The U.S. Transportation Security Administration's passenger prescreening program, Secure Flight, hit a major milestone on Aug. 15 when the agency directed domestic airlines—and the travel agencies that support them—to begin collecting from passengers full names, dates of birth and gender.
The milestone is the program's shift from planning to implementation, and follows an embattled journey that began more than five years ago when the government scrapped its predecessor, the controversial CAPPS II program
(BTNonline, Aug. 27, 2004)."There's nothing more to be tested, and no more approvals we need," said program director Paul Leyh, a former US Airways executive. "All it is now is to start the implementation process."
As of this month, domestic carriers are expected to collect those new passenger data at the time of reservation, but Leyh in early August said, "not all channels can be done exactly on Aug. 15, and because it's phased in, some carriers may be asking for this information earlier and some a little bit later."
Leyh said this month's milestone kicks off the next phase, as domestic carriers through the end of March 2010 will shift their watchlist-matching responsibilities to the government.
"The first part is the collection of the data and the second is the transmission, which actually does the watchlist-matching part of it," Leyh said. "For all airlines, the expectation is that by Aug. 15, they'll be asking for this data and be able to store this data, but they're going to be transmitting that data to Secure Flight at different times, based on their implementation schedule. Carrier A may be cutting over in September, carrier B in October and carrier C in November."
Once all domestic carriers begin transmitting data by the end of the first quarter of 2010, TSA said it would shift its sights to international airlines, for which TSA's sister agency, Customs and Border Protection, currently performs watchlist matching. "It's safe to say the international watchlist-matching process will be converted over to Secure Flight by the end of 2010," Leyh said.
TSA in the past year has tested the latest version of Secure Flight, through which the government checks passenger data against watchlists to reduce false matches and standardize practices across carriers.

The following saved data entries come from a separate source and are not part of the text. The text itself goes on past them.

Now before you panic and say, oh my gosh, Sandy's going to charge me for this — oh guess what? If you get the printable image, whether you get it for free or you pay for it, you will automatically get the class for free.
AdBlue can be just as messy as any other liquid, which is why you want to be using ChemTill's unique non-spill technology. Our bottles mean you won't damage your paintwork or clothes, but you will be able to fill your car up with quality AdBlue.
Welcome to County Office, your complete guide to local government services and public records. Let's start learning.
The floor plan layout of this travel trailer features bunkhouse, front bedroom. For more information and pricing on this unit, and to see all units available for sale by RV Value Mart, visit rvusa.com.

Under the current model, Leyh said, "It's inconsistent from carrier to carrier. With Secure Flight, it's going to be consistent regardless of which carrier you're flying."
One primary goal of the program is to reduce the number of falsely flagged passengers. Though Leyh would not disclose the percentage of passengers who are wrongly identified in the current system, he said Secure Flight would bring the number of correct matches beyond 99.9 percent.

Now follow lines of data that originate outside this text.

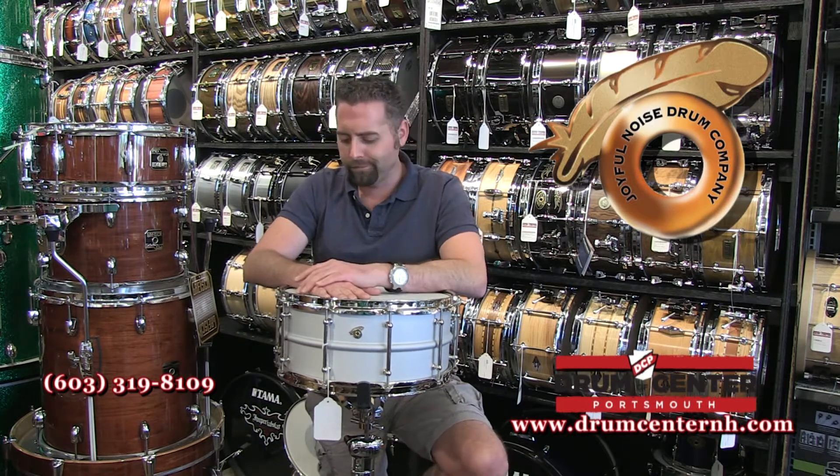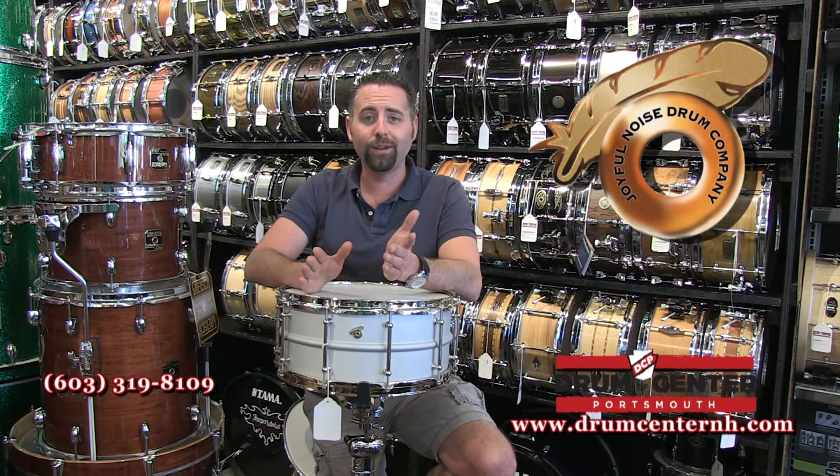If you talk to Tony, that's probably his favorite of all the drums — he favors aluminum. I think I like the Beacon Bronze myself. I'm a little biased because we named that particular line, so we're proud of it. It's a really cool sounding drum, but the copper is great too.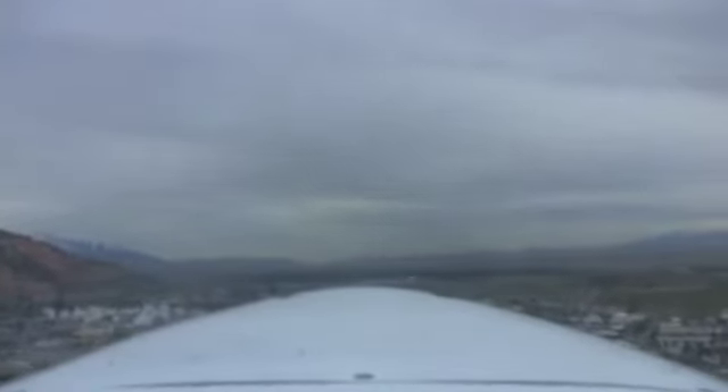I make my turn to crosswind when I'm within 300 feet of the pattern altitude, which in our case is 4,700 feet. Check for traffic left and right, make my left turn.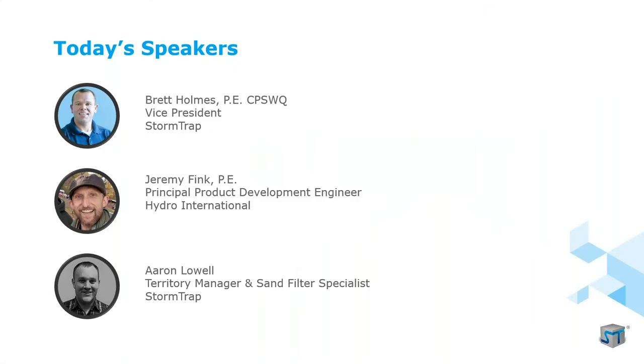My name is Brett Holmes, I'll be the host of today's presentation. I hold a master's degree in civil engineering from the University of Maine, I'm a registered professional engineer in the state of Maine, and a certified professional of stormwater quality with over 10 years of stormwater industry experience. Jeremy Fink is the principal product development engineer at Hydro International with over 15 years of experience designing filter systems and a degree in mechanical engineering from Tufts University. Aaron Lowell will speak about our sand filter solutions, having earned a civil engineering degree from the University of New Hampshire and over 12 years in the stormwater industry.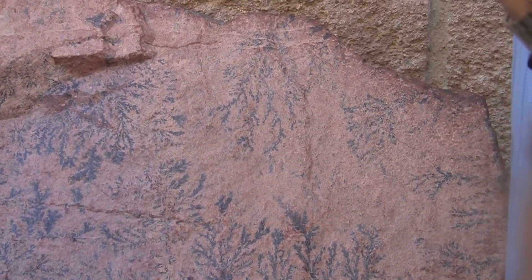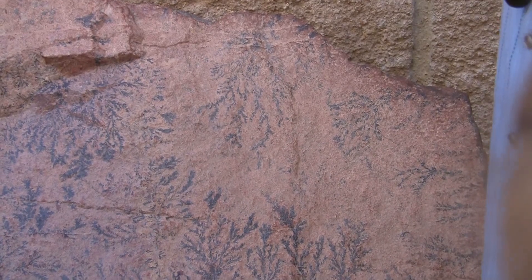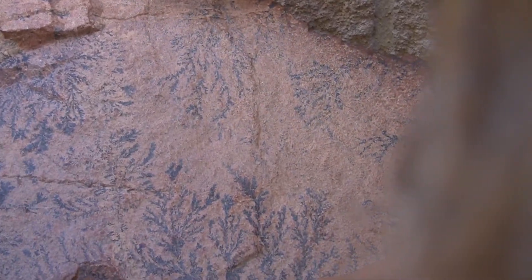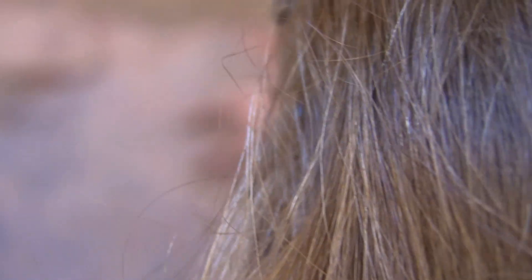God transfigured and took Moses from this area, so the whole thing has been changed — the nature of the thing has been changed. So this one here is a granite stone, but if you take a look when you break it down, you'll see the burning bush shape inside.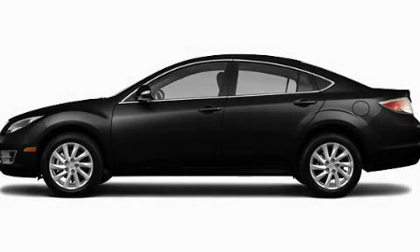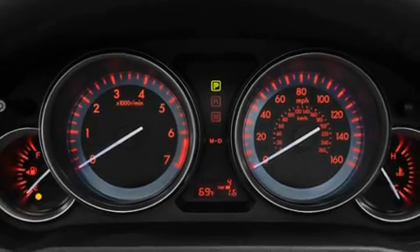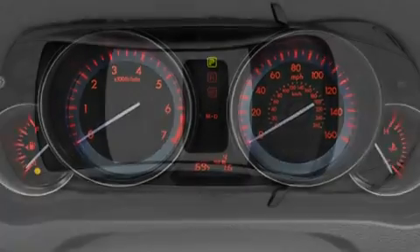This is a brand-new 2011 Mazda 6. It has a 2.5-liter 4-cylinder engine and a 5-speed automatic transmission.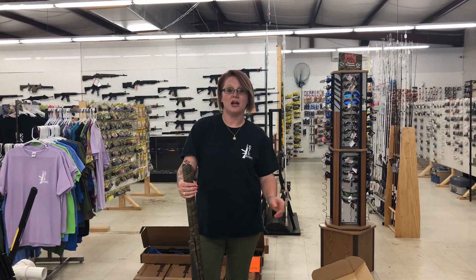Hey you guys, it's Crystal from Exile Armory. I've got a couple of really cool things that just came in. I want to give you guys a heads up.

Since 2005, TSA has been refining Secure Flight to meet 10 conditions outlined by the Government Accountability Office. Among those, GAO said the program must include a functional redress system for falsely identified passengers, adequate security safeguards from hackers and effective privacy assurances to those submitting the data.
GAO this April said, "TSA had generally achieved nine of the 10 statutory conditions related to the development of the Secure Flight program and had conditionally achieved one condition," enabling the program to move forward. Leyh said the conditionally approved provision—which has to do with long-term budgetary guidance—would be complete by the end of September.
"If you go back to the beginning of the program, we've been under tremendous scrutiny from GAO, and rightfully so, to get the program on track, to make sure it's done right, to make sure it's built right and to make sure the right privacy, the right security and the right everything is built into it," Leyh said. "There hasn't been a more scrutinized program within all of the Department of Homeland Security than Secure Flight, I don't think."